Images in the data are to be skipped, while every line is restated exactly as written.

### Raw data
════════════════
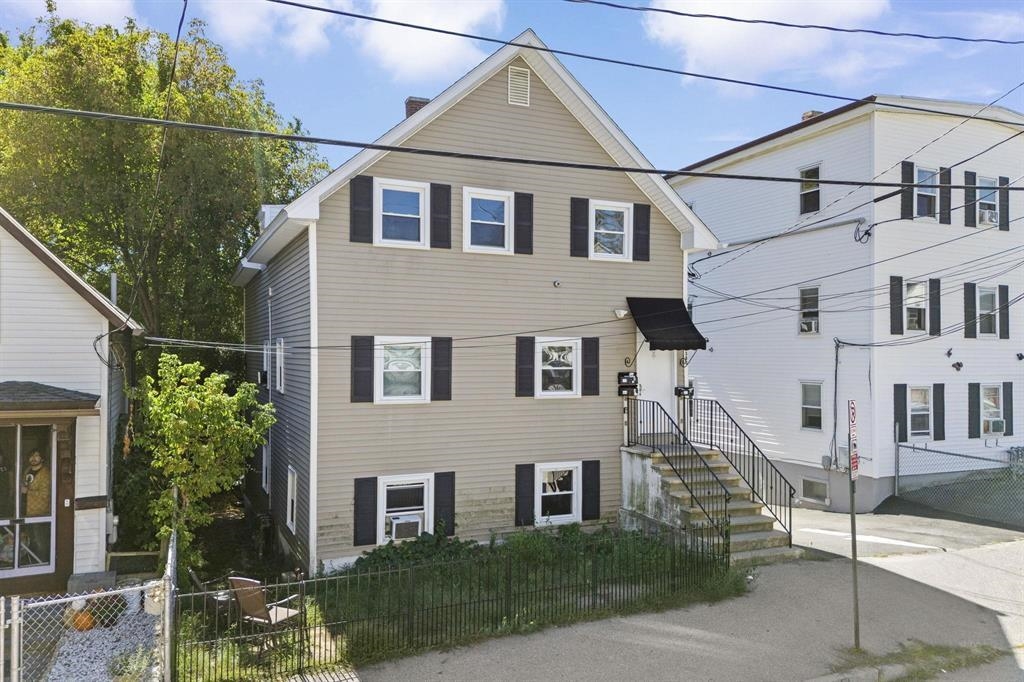 383 Manchester Street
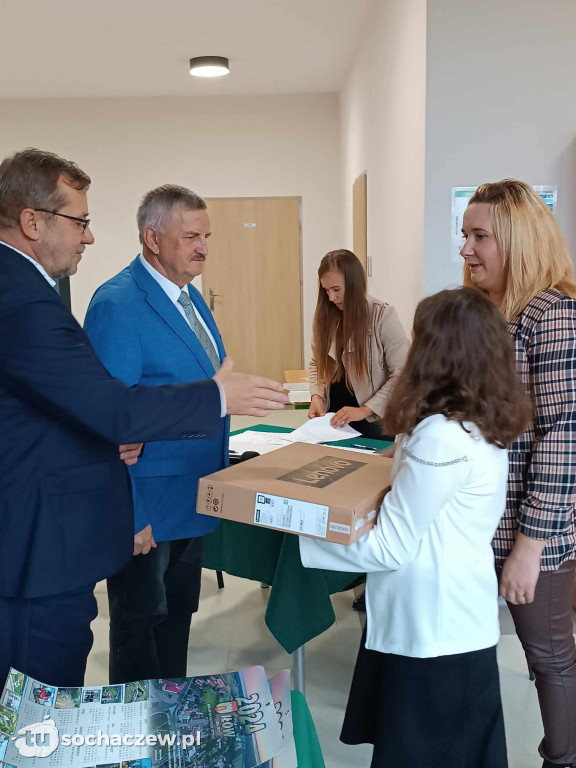 Darmowe laptopy trafiły do czwartoklasistów z gminy Iłów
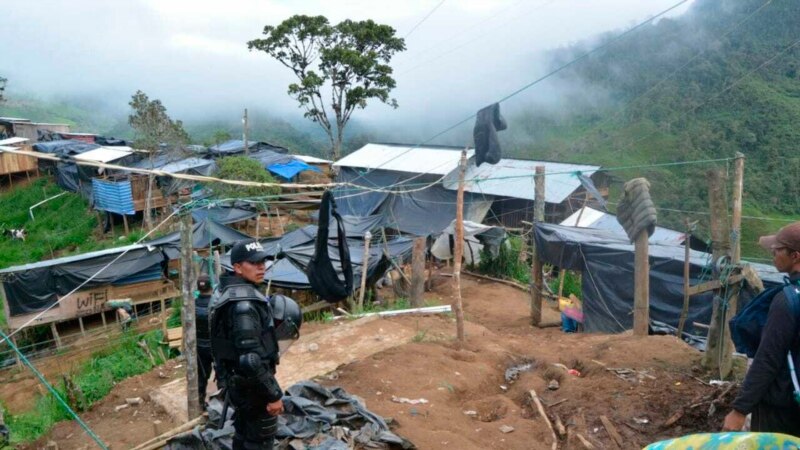 Ecuador declara la minería ilegal como una amenaza a la seguridad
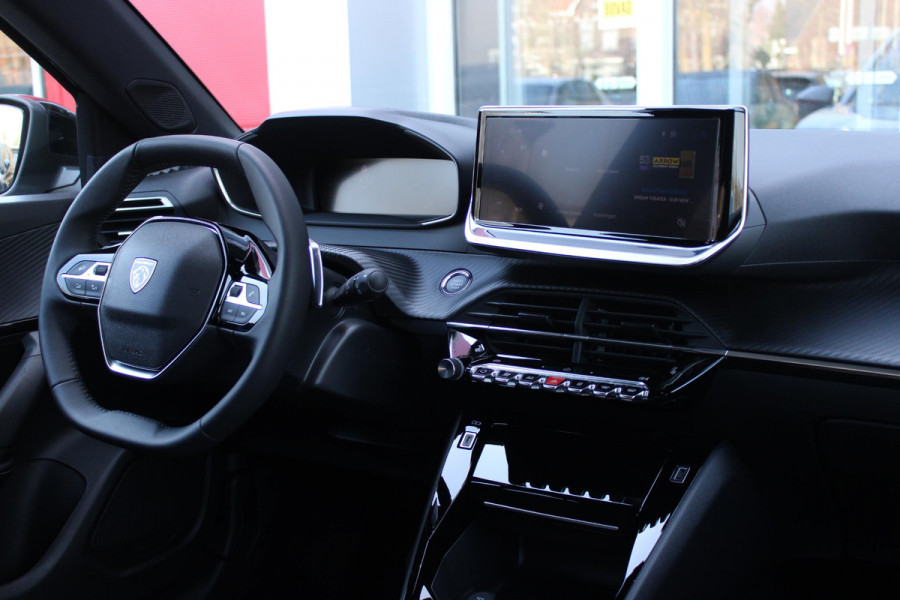 Peugeot 2008 1.2 Hybrid 136PK AUTOMAAT ALLURE | NIEUWE AUTO! | CAMERA VOOR + ACHTER | KEYLESS ENTRY/START | PARKEERSENSOREN VOOR + ACHTER | DODEHOEK DETECTIE | 17" LICHTMETALEN VELGEN | ADAPTIVE CRUISE CONTROL | CLIMATE CONTROL | STOEL VERWARMING | DRAADLOZE APPLE CARPLAY/ANDROID AUTO |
════════════════
### Solution for this task
 383 Manchester Street
 Darmowe laptopy trafiły do czwartoklasistów z gminy Iłów
 Ecuador declara la minería ilegal como una amenaza a la seguridad
 Peugeot 2008 1.2 Hybrid 136PK AUTOMAAT ALLURE | NIEUWE AUTO! | CAMERA VOOR + ACHTER | KEYLESS ENTRY/START | PARKEERSENSOREN VOOR + ACHTER | DODEHOEK DETECTIE | 17" LICHTMETALEN VELGEN | ADAPTIVE CRUISE CONTROL | CLIMATE CONTROL | STOEL VERWARMING | DRAADLOZE APPLE CARPLAY/ANDROID AUTO |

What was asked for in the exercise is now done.